The Position of the Postverbal Subject and Agreement Asymmetries in Arabic
Some data from Tunisian Arabic (TA), illustrating agreement asymmetries, suggest that, contra current claims, the [Spec, VP] location of the subject in Standard Arabic (SA) VSO order may still be considered as a possible location for postverbal subjects: in fact, the only case where Tunisian Arabic displays partial agreement, seems to be when the subject is clearly located in [Spec, VP] as in Expletive-Argument constructions. This may indicate that the postverbal subject in SA, which is associated with partial agreement, is indeed positioned in [Spec, VP] and that this may be the factor determining agreement asymmetries. Consequently, it is argued that a syntactic analysis of agreement asymmetries exploiting the distinction between [Spec, VP] and [Spec, IP] may still be a valid one.

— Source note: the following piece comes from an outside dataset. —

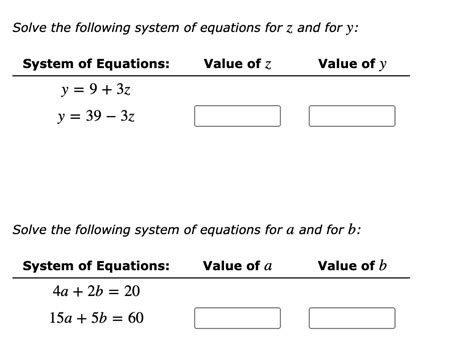 Solved Solve The Following System Of Equations For Z And For Chegg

Concentrating on the position of the subject NP in the clause structure, most work on Standard Arabic (SA) up to the early 1990's, has assumed, whether explicitly or implicitly, and as a result of the VP-Internal Subject Hypothesis, that the difference between SVO order and VSO order is to do with the position of the subject: in VSO, it is located in [Spec, VP], in SVO, in [Spec, IP].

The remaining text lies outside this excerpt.